« Qu’est-ce que bien gouverner aujourd’hui ? » : cette vaste question est le titre d’un ouvrage publié aux éditions JFD, au Québec, et qui réunit nombre de contributions d’experts de tous les continents, parmi lesquels Gilles Kounowski, ancien directeur des relations internationales de la Caisse nationale d’assurance vieillesse (CNAV) et représentant des institutions sociales françaises au sein de l’Association internationale de Sécurité sociale (AISS), auteur d’un texte d’une grande lucidité intitulé « Comment la modernisation de l’action publique a affaibli les services publics en France ? Quelle solution pour les rétablir ? »
Gilles Kounowski fait un constat très réaliste, nourri de nombreuses analyses et d’une riche expérience : il montre qu’un certain nombre de « modernisations » dans les services publics, dont on a cru qu’elles étaient rationnelles, logiques, inéluctables, reposaient trop souvent sur des conceptions technocratiques, éloignées du réel et se sont, dans les faits, traduites par des régressions, contrairement aux effets attendus et à un certain nombre d’idées reçues. Il prend à ce sujet l’exemple de notre système de santé et des réformes mises en œuvre au sein des hôpitaux.
Il commence par saluer les « maints sacrifices consentis par les personnels hospitaliers particulièrement » pour faire face à la pandémie, nonobstant les dysfonctionnements issus des initiatives qu’il dénonce.
Puis il affirme qu’« il y aurait sans doute beaucoup à dire » sur « l’organisation générale de la médecine en France et l’illusion de son libéralisme, entièrement dépendant de la dépense sociale (la grande majorité des médecins libérauxsont en fait des quasi salariés de la sécurité sociale) » (…)sur « le déséquilibre entre la médecine de ville et la couverture hospitalière », tout comme sur « le rapport curieux entre médecins généralistes et médecins spécialistes, désormais les plus nombreux sur notre territoire. » Enfin, ajoute-il, « tout étant très médicaliséen France, la culture de la prévention y est parent pauvre. »

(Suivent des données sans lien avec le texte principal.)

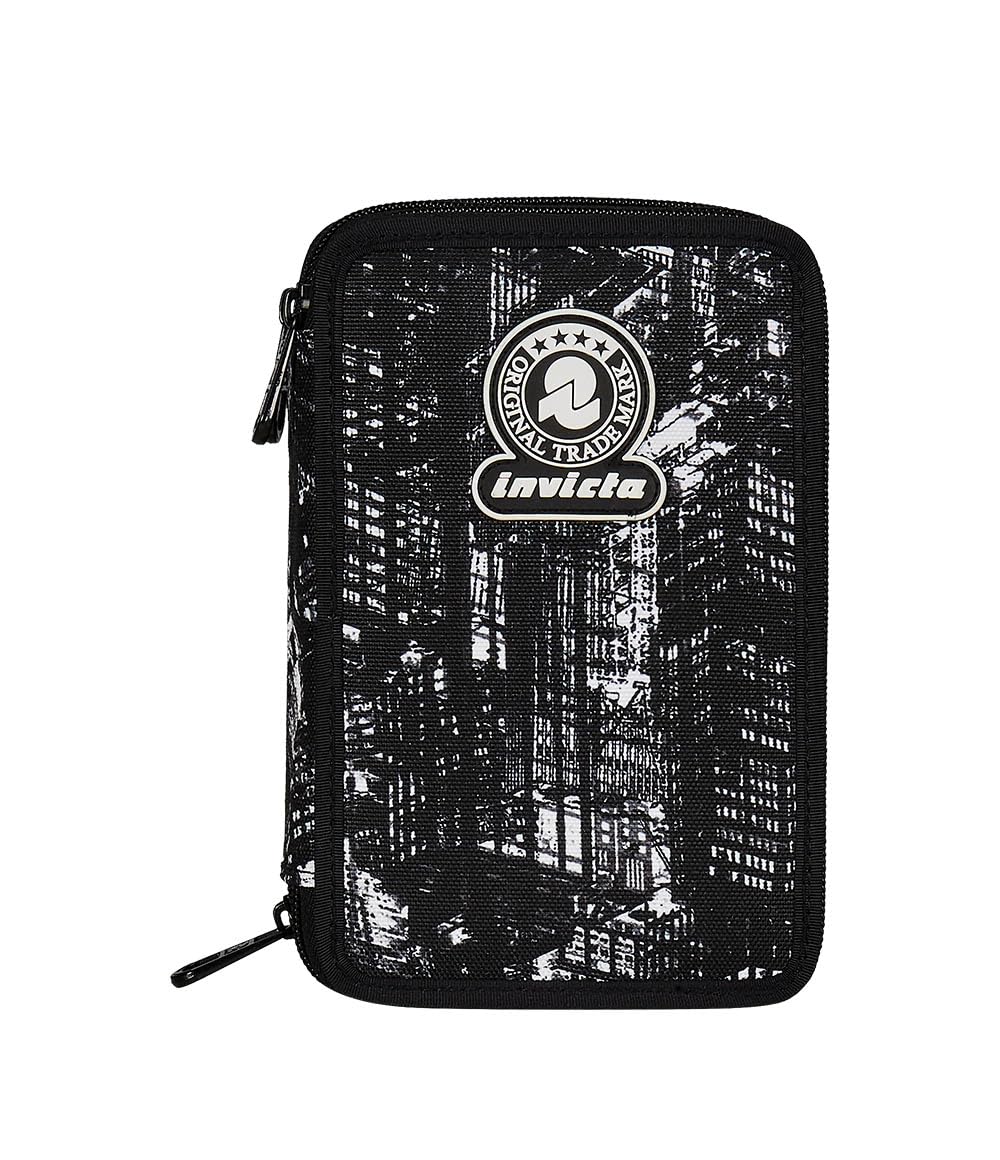 Invicta Trousse Scolaire 3 Zip Fantasy, Noir, Triple Compartiment Complet avec stylos, Crayons et marqueurs, Accessoires Scolaires, Accessoires Sac à Dos, école Primaire, Enfant, Noir, Scolaire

S’agissant de l’hôpital, Gilles Kounowksi pointe les « coûts administratifs budgétaires » trop élevés par rapport aux dépenses médicales : « Selon les chiffres de l’OCDE, 35 % des emplois hospitaliers en France ne sont pas médicaux ou paramédicaux, contre 24 % en Allemagne », alors que les dépenses de santé sont identiques dans les deux pays. Il ajoute que les hôpitaux français « se sont vu imposer au cours des dernières décennies des charges budgétaires croissantes liées à la mise en œuvre de méthodes, outils et démarches de gestion sur un mode quasi dogmatique » – et qu’« on a consacré plus de temps à gérer des problématiques statutaires ou logistiques qu’à développer des compétences créatrices de valeur ajoutée. » Ainsi en est-il de la « T2A » qui représente « un mode de financement des hôpitaux manifestement inadapté et contreperformant. » Les outils introduits ces dernières années ont justifié « la lourdeur et la surcharge induites par des procédures de contrôle et d’audit. »
L’analyse est décapante !
En venant aux remèdes, Gilles Kounowski affirme qu’« on pourrait sans préjudice pour les activités médicales ou administratives réaffecter plus de de 10 % des budgets hospitaliers aux soins. » Il ajoute que « dans ce but, une revue critique des méthodes, démarches et outils évoqués devrait être engagée pour supprimer tous ceux qui n’ont de sens que pour eux-mêmes […] et allouer des ressources aujourd’hui affectées à des emplois à faible valeur ajoutée […] à des fonctions ayant une utilité sociale et économique plus forte. » Et il voudrait qu’on mobilise à cette fin « l’extraordinaire intelligence de la haute administration française. »
Élargissant le propos à l’ensemble des services publics, Gilles Kounowski appelle ainsi de ses vœux un véritable « changement de paradigme culturel. »
Puisse-t-il être entendu !
Jean-Pierre Sueur
  • Qu’est-ce que bien gouverner aujourd’hui ?, ouvrage collectif, JFD Éditions.